This is the background to Marine Corps veteran Elliot Ackerman's ("Green on Blue") and former NATO Supreme Allied Commander Adm. James Stavridis' new book, "2054." It's the second in what will be a trilogy about the most important geopolitical issues faced by the world today, written in a compelling narrative that brings home the very real consequences of these global events.

"For each of these books, there have been the mountaintops we're driving to, but then you have what is a multi-generational character arc," Ackerman said. "These stories are about all these high-level concepts. But fundamentally when you're reading the book, our hope is that you're reading about characters you care about."

Author Elliot Ackerman is a Marine Corps veteran and Silver Star recipient. (Courtesy of Elliot Ackerman)
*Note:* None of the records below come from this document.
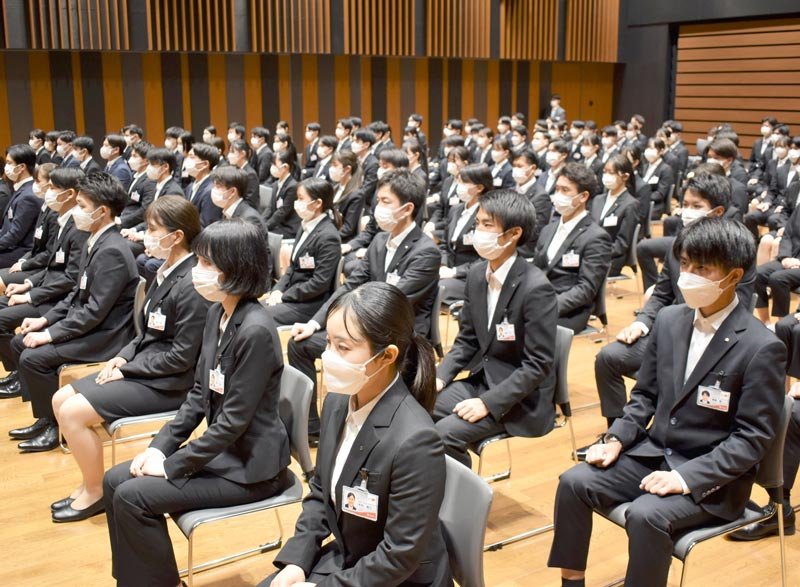 ４年ぶりにコロナ禍前と同様の形式で開催された千葉銀行の入行式＝３日、千葉市中央区の同行本店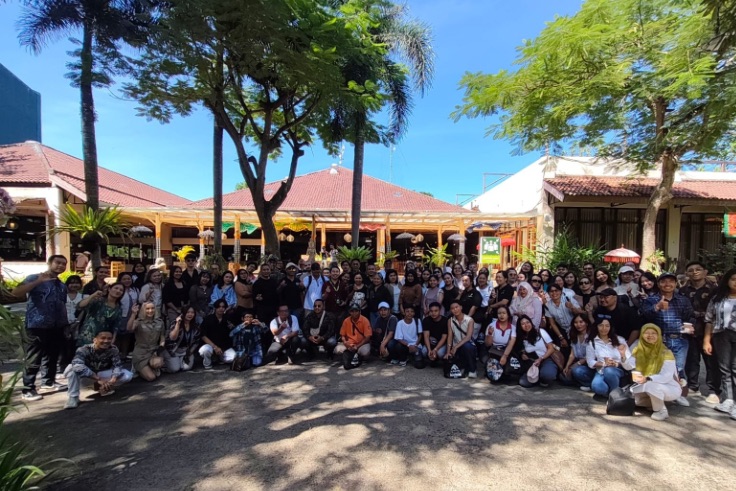 GIANYAR, BALINEWS.ID  – Suasana berbeda terasa di kawasan Bali Safari & Marine Park pada Sabtu pagi (11/4/2026). Ratusan pelaku industri pariwisata berkumpul d…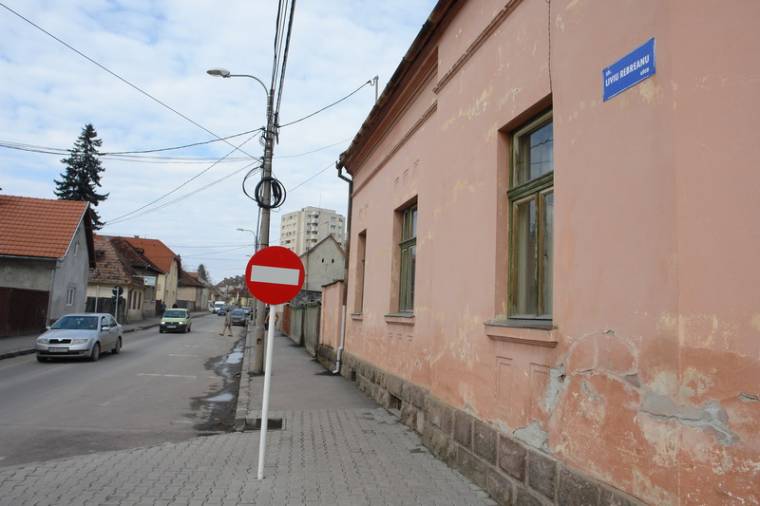 Csak novemberben lesz Vörösmarty utca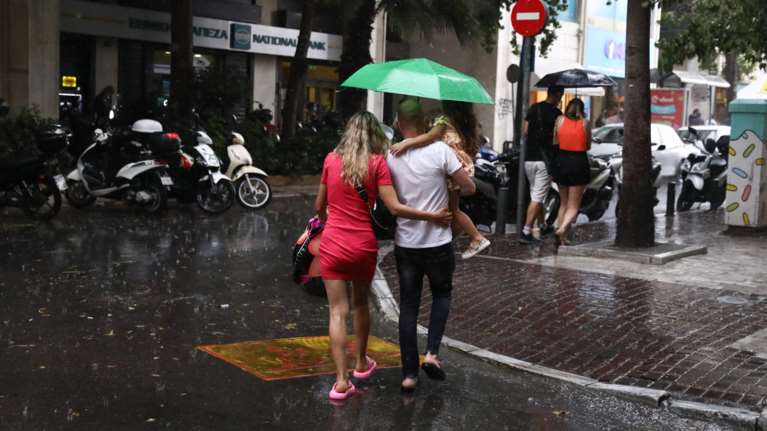 Άστατος καιρός το Σάββατο: Πού θα σημειωθούν βροχές και καταιγίδες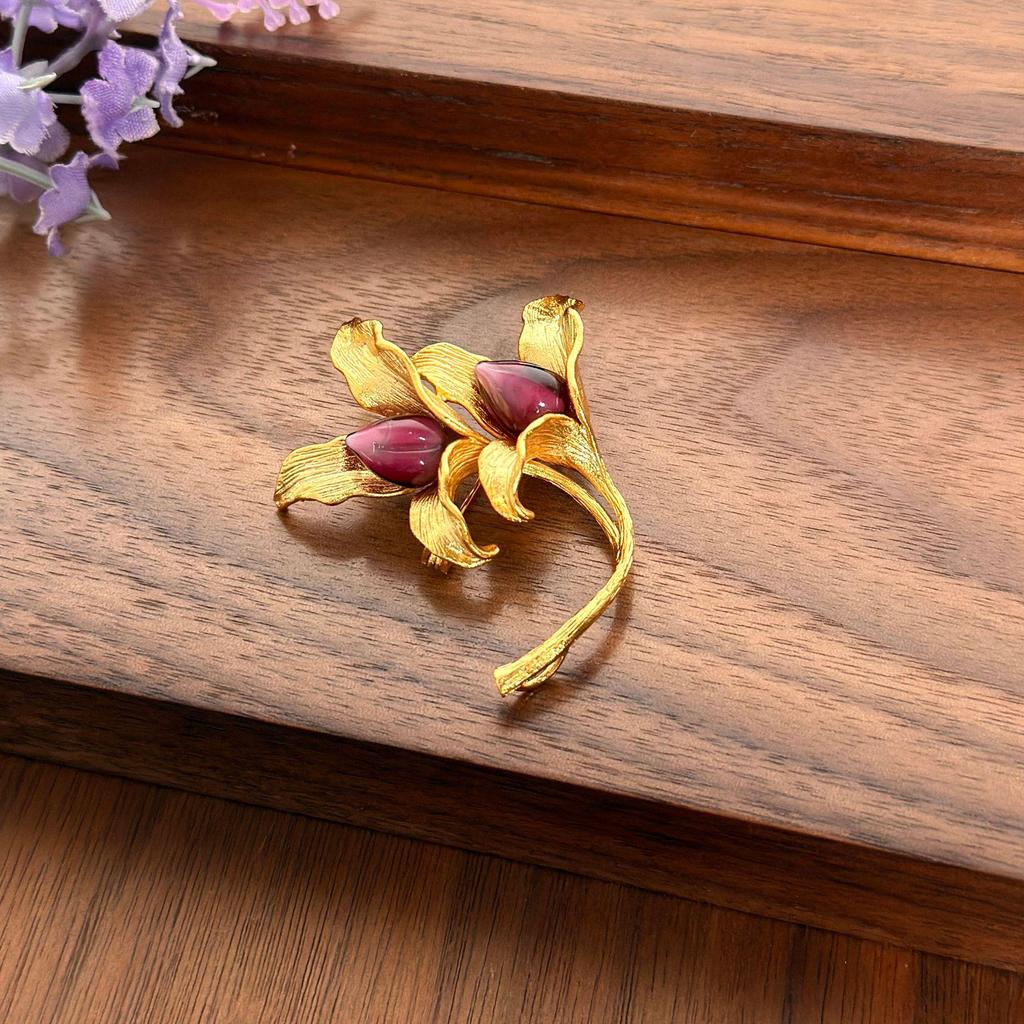 Lily Italian Craft Glass Brooch - Elegant Retro French Design for Women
Their well-developed characters, ones the authors say reflect a bit of each of us, are the firm base for the authors' geopolitical "mountaintops." In the first book, "2034," the authors detail the possibilities surrounding a potential Third World War, one sparked by China's expansionist aggression in the Pacific. This time around, their focus is on how emerging technology could lead the United States into a new civil war.

"We thought all along this was going to be focused on AI," Stavridis told Military.com. "Then, events here in the United States added the piece of it that became civil conflict, ... because that's something we ought to be concerned about mid-century, I would say."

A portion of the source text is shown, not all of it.